HANDS OF HOPE
Kent Ridge Lighthouse and GESL Group 5, Diploma Primary Programme
Working with multiple partners is no mean feat; however, organising a larger scale project can amplify the positive benefits of paying it forward and bring immense satisfaction.
We first reached out to Kent Ridge Lighthouse (KR Lighthouse) to run food distribution services for needy seniors. We felt that in doing so, we could raise the social awareness amongst volunteering KR Lighthouse students to empathise with the elderly who are living alone, bond the students through service learning and initiate the spirit of volunteerism to share the joy of giving.
To prepare the students for the food distribution service, we conducted a workshop with the volunteering students. We shared our expectations on the day of the food distribution and simulated stressful situations through role play to see how they would react.
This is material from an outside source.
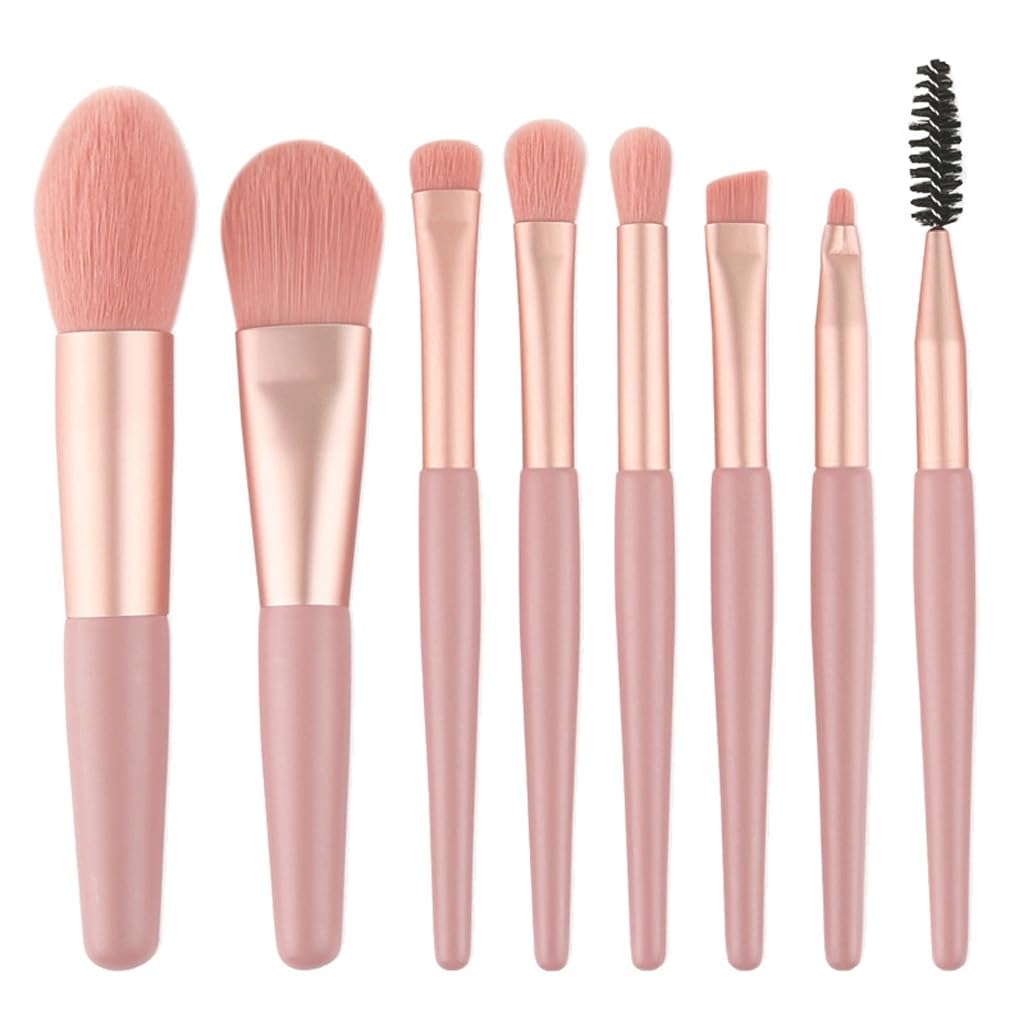 8 mini brochas de maquillaje, práctico polvo de viaje, brocha for sombra de ojos, herramientas de belleza multifuncionales(3-Pack)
In doing so, we talked through uncomfortable scenarios that they might face and encouraged the students to share their views while giving them useful advice as mentors that they could look up to.
Concurrently, we also ran a food donation drive within the NIE community. Our food donation drive was also made known to the public via our social media platforms, namely Twitter, Facebook and Instagram. Our team members further sought donations from families and friends.
The donations came in the form of cash and non-perishable food items. All items had to be collected, categorised and resorted before they were packed into bags to be distributed to elderly recipients with the assistance of the students from KR Lighthouse. The students had to give suggestions as to how we could pack these items to ensure that each household received an equal number of items.
Distribution was made possible by working with a community partner, Lion Befrienders which is a welfare organisation that serves poor elderly. We paired up with students to complete our food distribution tasks. The team was divided into 10 groups, each group consisting of one student teacher and two or three students. The groups were also made up of different races as most of our beneficiaries were Chinese and Malay who did not speak English so we had to have a mixture of Chinese and Malay teachers or students in each group.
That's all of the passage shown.